Posted Nov 24, 2010 05:46 pm CST
Even if it seems like a nice idea, juvenile court judges should not go jogging with adolescent offenders, says the Florida Supreme Court, in a recent ethics advisory opinion.
The question was submitted by a Florida jurist who wanted to create a running program for juvenile offenders. The plan was that offenders would perform community service hours by jogging with the judge, at a school near this courthouse. According to the Legal Profession Blog, the inquiry made clear that the jogging program would be optional, law enforcement would be present and the judge wouldn’t talk about the juveniles’ cases with them. The judge, according to the blog post, thought the jogging program would “curb their delinquency; improve their health; give them a more positive self-image; and provide them with positive role models.”
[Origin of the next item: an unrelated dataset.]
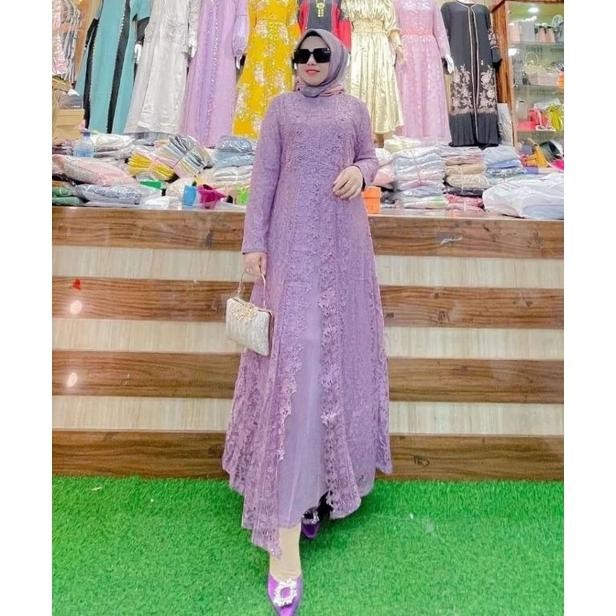 gamis pesta kerancang full brokat import korea gamis pesta kondangan terlaris gamis super mewah orin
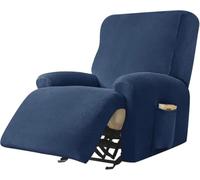 Housse Fauteuil Relax Electrique Velours Extensible Antidérapant 4 Pièces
Regardless, in a Nov. 18 opinion the Florida Supreme Court found that such a program could cause a judge’s impartially to be questioned in a variety of ways. A juvenile who didn’t want to go for a jog with the judge might think he or she would receive less favorable treatment from the court, the opinion states. Reversely, the state might perceive that the judge would treat participants more favorably.
“As the inquiring judge also recognizes, although the judge would not initiate conversation with the juveniles about their cases, the program creates an opportunity for juveniles to initiate conversation with the judge. Thus, the judge would be creating a situation permitting ex parte communications,” the opinion states.